Having no direct responsibility for the adoption of the IESBA Code of Ethics by all professional accountants in the jurisdiction, the AAAA has nevertheless established a requirement for its members to adhere to the Code and has established ongoing processes to translate the IESBA Code for application by its members. The 2014 version of the IESBA Code is being applied as of 2016.
In addition to the translation activities, the AAAA works to ensure that the requirements of the IESBA Code are incorporated into education and training programs and that the system to monitor compliance with the Code is further developed. The AAAA organizes seminars, publishes implementation materials, and raises the awareness of its members and the general public about ethics through its publications and website.
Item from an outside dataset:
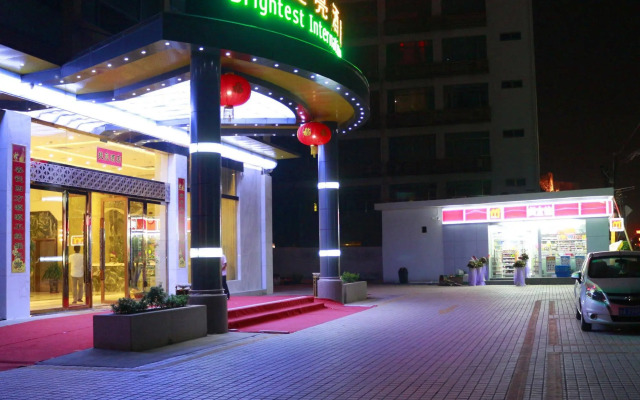 Cheng Yue Selected Hotel Guangzhou Junye Nangang Branch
The AAAA is encouraged to work with other stakeholders in Armenia to ensure that all professional accountants are subject to ethical requirements as established by the IESBA Code of Ethics.
With no direct responsibility for adoption of IPSAS, the AAAA reports that, since 2012, it has participated in discussions with government officials on the adoption of IPSAS and continues to use its best endeavors to identify opportunities to assist the Ministry of Finance with IPSAS implementation. The AAAA has not, however, reported any specific actions. The plans to introduce a certification scheme for accountants in public sector, as well as for internal auditors, have been suspended.
The AAAA is encouraged to indicate whether it has considered the need to participate more actively in the issues related to public sector accounting. If so, the SMO 5 section of the Action Plan needs to be updated accordingly.
The AAAA has taken steps to establish a formal investigative and disciplinary (I&D) system for its members that is based on SMO 6 requirements. It established the Committee on Membership and Professional Ethics, which, along with other objectives, is mandated to investigate the violations of professional ethics and norms of its members. The association notes in its 2016 SMO Action Plan that the committee periodically monitors members’ compliance with continuing professional development and professional conduct. In 2009, the AAAA planned to conduct a review of the I&D system with a view to developing an Action Plan addressing the existing shortcomings. Due to lack of funding, however, the project was suspended. In 2013, the AAAA revised its disciplinary procedures although the nature of the revisions is not clear.
The AAAA is encouraged to assess the existing I&D system in Armenia against the requirements of the revised SMO 6 and include the results of the review in the SMO Action Plan. For areas of less than full compliance, it needs to describe in its SMO Action Plan what actions it aims to take to close the gaps and align the system with the requirements of SMO 6. In addition, the AAAA is strongly encouraged to provide an update on the I&D system established by the MoF.
The AAAA has no direct responsibility for the adoption of IFRS and IFRS for SMEs in the jurisdiction. The Ministry of Finance has, however, entrusted it with the process of translating IFRS, which must be translated into Armenian to become applicable. In addition, the AAAA uses its best endeavors to support its membership with the implementation of the standards by providing training, certification, and workshops on the standards, as well as publications.
The AAAA is encouraged to consider the experiences of other jurisdictions and to establish ongoing processes for translating IFRS to ensure that the most recent IASB pronouncements are being applied in Armenia. The AAAA is also encouraged to consider participating in international standard setting and initiating a program for responding to IASB exposure drafts.